Search Engine Optimisation (SEO) Specialists

Search Engine Spiders

The Internet is big. In fact the Internet is very big. Recently Google announced that their systems that process links on the web to find new content had hit a milestone. They had recorded 1 trillion (as in one thousand billion) unique URLs on the web at once. That's quite some going considering that the first Google index in 1998 had only 26 million pages and by 2000 the Google index had reached only one billion.

Clearly that's a lot of ground to cover. The way that search engines collect that information is by using search engine spiders.

All search engines, including Google, use spidering as a means of providing up-to-date data. Spiders, otherwise known as bots or web crawlers, are software programs that request pages much like regular browsers do. These pages are indexed to provide fast searches.

The usual starting points are lists of heavily used servers and very popular pages called the seeds. The spider will begin with a popular site, collecting information and then indexing the words on its pages and following every link found within the site. In this way, the spidering system quickly begins to travel, spreading out across the most widely used portions of the Web.
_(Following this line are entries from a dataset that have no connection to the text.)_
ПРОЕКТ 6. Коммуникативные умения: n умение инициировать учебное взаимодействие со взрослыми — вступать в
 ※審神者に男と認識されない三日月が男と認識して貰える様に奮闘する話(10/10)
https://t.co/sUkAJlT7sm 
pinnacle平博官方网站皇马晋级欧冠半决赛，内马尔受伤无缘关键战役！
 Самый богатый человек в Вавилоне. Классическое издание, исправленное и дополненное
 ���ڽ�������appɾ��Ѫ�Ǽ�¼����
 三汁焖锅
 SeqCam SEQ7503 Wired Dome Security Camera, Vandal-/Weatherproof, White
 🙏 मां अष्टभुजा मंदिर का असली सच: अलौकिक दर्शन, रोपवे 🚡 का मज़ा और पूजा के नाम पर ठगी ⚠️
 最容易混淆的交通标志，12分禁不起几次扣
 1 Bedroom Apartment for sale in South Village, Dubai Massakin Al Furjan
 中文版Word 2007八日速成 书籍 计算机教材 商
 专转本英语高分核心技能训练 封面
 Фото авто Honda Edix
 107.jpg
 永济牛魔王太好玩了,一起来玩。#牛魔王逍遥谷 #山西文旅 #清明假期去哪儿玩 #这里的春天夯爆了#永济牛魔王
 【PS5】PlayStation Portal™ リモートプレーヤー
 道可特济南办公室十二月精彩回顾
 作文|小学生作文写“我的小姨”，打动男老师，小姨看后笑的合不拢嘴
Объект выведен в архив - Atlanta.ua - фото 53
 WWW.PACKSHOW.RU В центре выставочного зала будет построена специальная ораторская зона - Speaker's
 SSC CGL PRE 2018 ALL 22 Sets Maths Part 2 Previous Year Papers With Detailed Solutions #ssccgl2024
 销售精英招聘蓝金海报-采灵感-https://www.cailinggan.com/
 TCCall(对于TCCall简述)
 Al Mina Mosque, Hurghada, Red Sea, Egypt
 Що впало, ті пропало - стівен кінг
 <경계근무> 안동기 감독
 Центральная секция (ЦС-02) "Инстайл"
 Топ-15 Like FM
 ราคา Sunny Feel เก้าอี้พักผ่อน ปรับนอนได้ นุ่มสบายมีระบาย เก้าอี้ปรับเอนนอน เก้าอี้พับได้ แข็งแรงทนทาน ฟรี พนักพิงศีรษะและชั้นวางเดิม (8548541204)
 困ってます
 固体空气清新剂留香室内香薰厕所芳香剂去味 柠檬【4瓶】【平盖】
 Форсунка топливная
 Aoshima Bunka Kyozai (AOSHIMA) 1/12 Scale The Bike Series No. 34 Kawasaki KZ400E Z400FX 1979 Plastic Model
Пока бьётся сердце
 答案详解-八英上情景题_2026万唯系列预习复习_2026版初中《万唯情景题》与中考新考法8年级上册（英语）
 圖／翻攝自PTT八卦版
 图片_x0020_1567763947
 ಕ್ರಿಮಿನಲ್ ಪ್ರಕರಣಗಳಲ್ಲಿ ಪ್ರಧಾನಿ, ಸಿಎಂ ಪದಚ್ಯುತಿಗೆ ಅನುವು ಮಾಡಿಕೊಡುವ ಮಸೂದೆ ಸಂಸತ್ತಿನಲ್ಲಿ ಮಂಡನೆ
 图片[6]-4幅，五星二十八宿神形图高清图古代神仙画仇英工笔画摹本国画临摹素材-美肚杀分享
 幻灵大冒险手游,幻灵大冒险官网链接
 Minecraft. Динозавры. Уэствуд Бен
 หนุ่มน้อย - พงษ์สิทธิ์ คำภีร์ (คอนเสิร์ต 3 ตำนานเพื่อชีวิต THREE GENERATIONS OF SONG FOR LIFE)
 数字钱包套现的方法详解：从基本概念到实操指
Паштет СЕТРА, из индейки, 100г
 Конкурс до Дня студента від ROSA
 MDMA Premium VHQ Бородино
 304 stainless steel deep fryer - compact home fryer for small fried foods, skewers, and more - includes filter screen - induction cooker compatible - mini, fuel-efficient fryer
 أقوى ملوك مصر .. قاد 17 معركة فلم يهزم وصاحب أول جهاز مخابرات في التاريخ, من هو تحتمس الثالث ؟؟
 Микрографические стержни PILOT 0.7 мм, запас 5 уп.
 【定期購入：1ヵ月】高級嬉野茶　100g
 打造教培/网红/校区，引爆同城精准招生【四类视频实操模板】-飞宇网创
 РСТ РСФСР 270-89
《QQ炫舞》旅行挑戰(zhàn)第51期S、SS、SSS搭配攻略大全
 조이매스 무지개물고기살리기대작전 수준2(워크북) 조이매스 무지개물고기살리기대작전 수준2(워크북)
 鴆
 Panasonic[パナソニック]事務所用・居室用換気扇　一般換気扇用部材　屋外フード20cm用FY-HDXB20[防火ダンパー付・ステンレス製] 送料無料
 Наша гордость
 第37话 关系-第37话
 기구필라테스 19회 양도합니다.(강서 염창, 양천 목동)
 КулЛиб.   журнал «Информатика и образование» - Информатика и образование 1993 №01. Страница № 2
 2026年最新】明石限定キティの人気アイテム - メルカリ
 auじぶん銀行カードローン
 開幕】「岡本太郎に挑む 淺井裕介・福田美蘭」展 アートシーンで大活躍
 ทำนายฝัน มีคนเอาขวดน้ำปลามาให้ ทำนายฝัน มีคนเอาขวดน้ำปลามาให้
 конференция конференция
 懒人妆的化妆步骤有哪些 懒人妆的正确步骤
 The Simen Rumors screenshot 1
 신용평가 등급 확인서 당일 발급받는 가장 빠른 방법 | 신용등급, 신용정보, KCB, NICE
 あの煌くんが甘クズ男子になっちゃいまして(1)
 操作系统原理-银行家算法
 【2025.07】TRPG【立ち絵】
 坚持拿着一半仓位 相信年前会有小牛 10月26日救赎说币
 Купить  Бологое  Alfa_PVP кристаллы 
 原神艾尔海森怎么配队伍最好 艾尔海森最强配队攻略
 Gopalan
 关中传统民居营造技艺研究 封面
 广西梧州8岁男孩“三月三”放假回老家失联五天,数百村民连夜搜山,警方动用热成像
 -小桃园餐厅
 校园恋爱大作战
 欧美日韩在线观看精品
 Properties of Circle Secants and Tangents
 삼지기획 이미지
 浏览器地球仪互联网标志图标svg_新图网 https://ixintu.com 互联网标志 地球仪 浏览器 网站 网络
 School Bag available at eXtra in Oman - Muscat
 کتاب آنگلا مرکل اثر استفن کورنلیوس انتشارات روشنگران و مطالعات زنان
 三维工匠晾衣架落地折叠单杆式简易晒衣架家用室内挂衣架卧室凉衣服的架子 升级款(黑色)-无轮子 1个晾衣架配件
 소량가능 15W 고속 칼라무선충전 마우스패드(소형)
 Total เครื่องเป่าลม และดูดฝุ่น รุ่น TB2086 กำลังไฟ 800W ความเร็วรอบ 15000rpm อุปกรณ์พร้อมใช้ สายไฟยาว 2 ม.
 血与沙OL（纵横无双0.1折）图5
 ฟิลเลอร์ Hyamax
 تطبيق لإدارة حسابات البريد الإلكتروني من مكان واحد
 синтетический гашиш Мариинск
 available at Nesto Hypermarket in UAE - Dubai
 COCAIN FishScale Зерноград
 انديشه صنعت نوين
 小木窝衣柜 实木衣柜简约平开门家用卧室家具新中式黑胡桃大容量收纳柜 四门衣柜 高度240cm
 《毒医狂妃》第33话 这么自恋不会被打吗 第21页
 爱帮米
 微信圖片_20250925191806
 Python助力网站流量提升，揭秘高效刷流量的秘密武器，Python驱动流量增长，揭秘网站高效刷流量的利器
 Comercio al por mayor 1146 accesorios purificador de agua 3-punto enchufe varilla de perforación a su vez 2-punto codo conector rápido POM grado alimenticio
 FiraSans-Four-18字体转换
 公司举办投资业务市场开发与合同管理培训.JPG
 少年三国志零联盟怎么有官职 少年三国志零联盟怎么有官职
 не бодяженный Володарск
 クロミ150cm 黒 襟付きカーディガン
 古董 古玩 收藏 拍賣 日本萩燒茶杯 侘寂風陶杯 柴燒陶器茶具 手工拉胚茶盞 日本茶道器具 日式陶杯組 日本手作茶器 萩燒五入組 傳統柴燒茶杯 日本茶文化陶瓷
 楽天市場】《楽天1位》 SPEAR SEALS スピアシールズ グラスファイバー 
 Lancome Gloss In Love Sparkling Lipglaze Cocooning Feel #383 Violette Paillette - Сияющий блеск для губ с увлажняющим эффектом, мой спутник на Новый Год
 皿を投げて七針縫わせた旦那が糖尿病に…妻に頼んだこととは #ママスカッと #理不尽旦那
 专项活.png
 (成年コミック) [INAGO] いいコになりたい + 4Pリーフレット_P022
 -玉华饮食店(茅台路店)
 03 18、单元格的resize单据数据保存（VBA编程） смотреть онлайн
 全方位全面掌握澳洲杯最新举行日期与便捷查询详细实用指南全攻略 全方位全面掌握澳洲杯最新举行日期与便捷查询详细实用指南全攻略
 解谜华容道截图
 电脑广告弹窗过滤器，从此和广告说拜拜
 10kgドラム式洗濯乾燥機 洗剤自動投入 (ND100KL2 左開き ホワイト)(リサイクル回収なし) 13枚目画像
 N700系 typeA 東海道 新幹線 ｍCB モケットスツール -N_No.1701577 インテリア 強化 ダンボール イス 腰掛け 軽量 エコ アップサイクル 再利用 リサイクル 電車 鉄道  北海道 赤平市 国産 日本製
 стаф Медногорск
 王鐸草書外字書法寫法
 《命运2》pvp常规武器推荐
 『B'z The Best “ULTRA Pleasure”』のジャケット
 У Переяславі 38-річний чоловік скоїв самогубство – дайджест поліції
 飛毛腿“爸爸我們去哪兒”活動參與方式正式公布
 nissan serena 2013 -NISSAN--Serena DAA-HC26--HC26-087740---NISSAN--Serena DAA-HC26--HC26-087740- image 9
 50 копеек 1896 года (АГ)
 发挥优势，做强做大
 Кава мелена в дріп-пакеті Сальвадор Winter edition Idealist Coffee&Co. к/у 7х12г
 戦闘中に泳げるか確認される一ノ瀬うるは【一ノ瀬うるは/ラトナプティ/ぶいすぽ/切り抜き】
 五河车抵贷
There are different types of spiders and different types of spider behaviour. For example, submission checkup spiders will do a simple check to make sure a submitted URL is valid, if the server is available/accessible, if a redirect command is affected, etc. If the URL passes this test, it will typically be stored in a task queue for later crawling.

When it's time for the crawl, the spider will first check the page's head section - title tags, keyword phrases, description tags, meta tags and robot instructions. It will continue to read the page content - headings, alt tags, link titles, keywords and phrases. It then locates the links on the page and follows them repeating the process on destination pages. Alternatively, as the crawler visits these URLs it identifies all the hyperlinks in the subsequent pages and adds them to the list of URLs to visit, called the crawl frontier. URLs from the frontier are recursively visited according to a set of policies. Continually crawling the Internet, each spider can keep hundreds of web connections open at one time, crawling thousands of pages a second and generating huge amounts of data that's encoded to save space. It's an endless task, with websites being continually edited, added, deleted and dynamic web pages altered.

The search engines use this information to identify the most relevant web sites, prioritising them based on factors such as link popularity and the quality of its content. Without the crawling, indexing and coding carried out by the spiders the search engines would take a lot longer to retrieve their results.

As well as being employed to collect information to assist in relevant searching, crawlers are also used for automating maintenance tasks, such as checking links or validating HTML code. Crawlers are also used to gather specific types of information from Web pages, for example harvesting e-mail addresses (usually for spam).

Clearly spiders have an essential role in an organization's web presence. Understanding how they work, what they like and don't like plays an important part in applying any search engine optimisation strategy. At SEO Consult we have enormous experience in spider behaviour and their requirements.

It's important to make life as easy as possible for the spiders. Here are some aspects of spider related SEO that we at SEO Consult consider when applying a campaign. Spiders love fresh content. The more frequently a site is updated with new content, the more frequently spiders explore your site.

Each addition or change of content sets off a chain reaction that results in a visit from Google Bot or Slurp for Yahoo! or others. The spiders compare recent changes with the last cached snapshot of your pages, noting revisions and integrating them.

A neglected page or a page with old content on your site that could benefit from a content and link audit suggests to the search engines that on-page factors are not a top priority. It says that the page has become irrelevant.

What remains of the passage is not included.